Модул:scripts/charToScript
Implements charToScript and findBestScriptWithoutLang. See Module:scripts for documentation.
local subexport = {}
local require_when_needed = require("Module:require when needed")
local cp = require_when_needed("Module:string utilities", "codepoint")
local floor = math.floor
local get_plaintext = require_when_needed("Module:utilities", "get_plaintext")
local get_script = require_when_needed("Module:scripts", "getByCode")
local insert = table.insert
local ipairs = ipairs
local min = math.min
local pairs = pairs
local setmetatable = setmetatable
local sort = table.sort
local split = require_when_needed("Module:string utilities", "split")
local table_len = require_when_needed("Module:table", "length")
local type = type
-- Copied from [[Module:Unicode data]].
local function binaryRangeSearch(codepoint, ranges)
local low, mid, high
low, high = 1, ranges.length or table_len(ranges)
while low <= high do
mid = floor((low + high) / 2)
local range = ranges[mid]
if codepoint < range[1] then
high = mid - 1
elseif codepoint <= range[2] then
return range, mid
else
low = mid + 1
end
end
return nil, mid
end
-- Copied from [[Module:Unicode data]].
local function linearRangeSearch(codepoint, ranges)
for i, range in ipairs(ranges) do
if codepoint < range[1] then
break
elseif codepoint <= range[2] then
return range
end
end
end
local function compareRanges(range1, range2)
return range1[1] < range2[1]
end
-- Save previously used codepoint ranges in case another character is in the
-- same range.
local rangesCache = {}
--[=[
Takes a codepoint or a character and finds the script code(s) (if any) that are appropriate for it based on the codepoint, using the data module [[Module:scripts/recognition data]]. The data module was generated from the patterns in [[Module:scripts/data]] using [[Module:User:Erutuon/script recognition]].
By default, it returns only the first script code if there are multiple matches (i.e. the code we take to be the default).

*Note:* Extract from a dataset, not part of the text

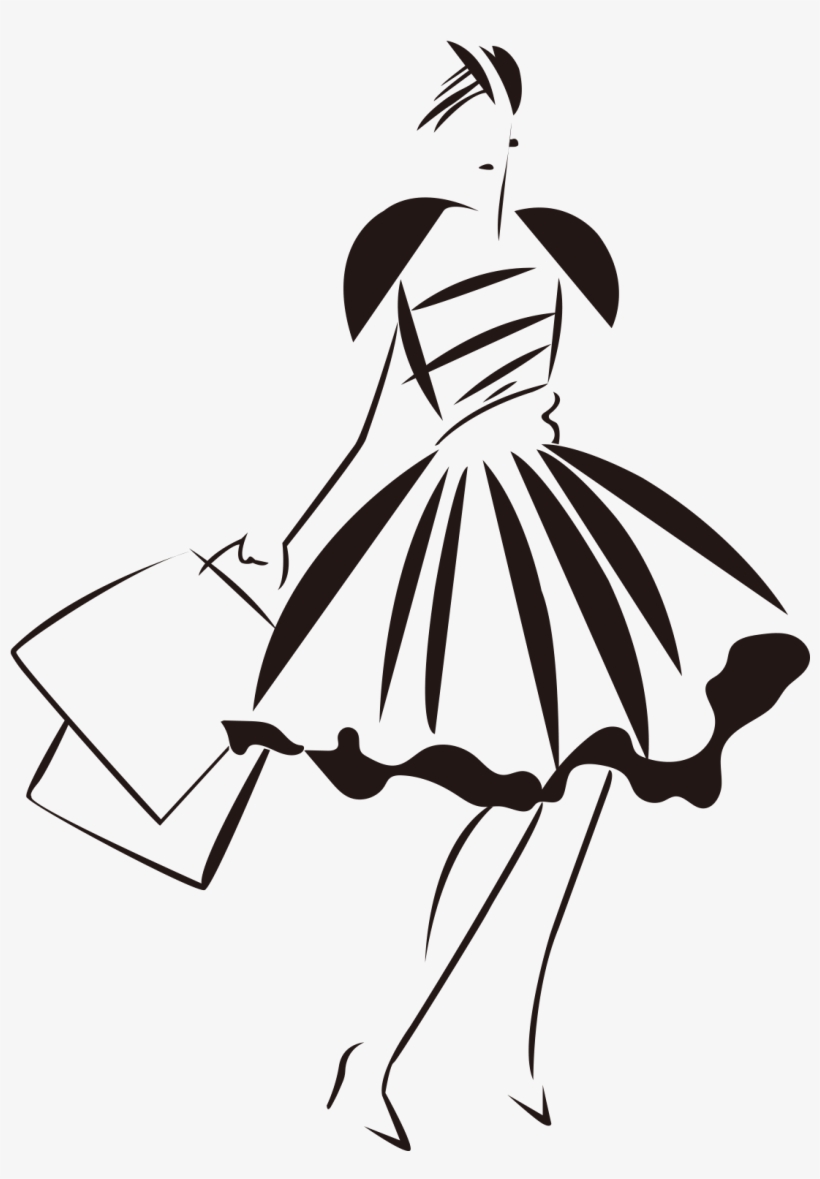 Art Abstract Model Silhouette Png And Vector Image - Sunday Is For Shopping Quote, transparent png download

If `all_scripts` is set, then a table of all matching codes is returned.
]=]
local charToScriptData
function subexport.charToScript(char, all_scripts)
charToScriptData = charToScriptData or mw.loadData("Module:scripts/recognition data")
local t = type(char)
local codepoint
if t == "string" then
local etc
codepoint, etc = cp(char, 1, 2)
if etc then
error("bad argument #1 to 'charToScript' (expected a single character)")
end
elseif t == "number" then
codepoint = char
else
error(("bad argument #1 to 'charToScript' (expected string or a number, got %s)")
:format(t))
end
local ret = {}
local individualMatch = charToScriptData.individual[codepoint]
if individualMatch then
ret = split(individualMatch, "%s*,%s*", true)
else
local range
if rangesCache[1] then
range = linearRangeSearch(codepoint, rangesCache)
if range then
for i, script in ipairs(range) do
if i > 2 then
insert(ret, script)
if not all_scripts then
break
end
end
end
end
end
if not ret[1] then
local index = floor(codepoint / 0x1000)
range = linearRangeSearch(index, charToScriptData.blocks)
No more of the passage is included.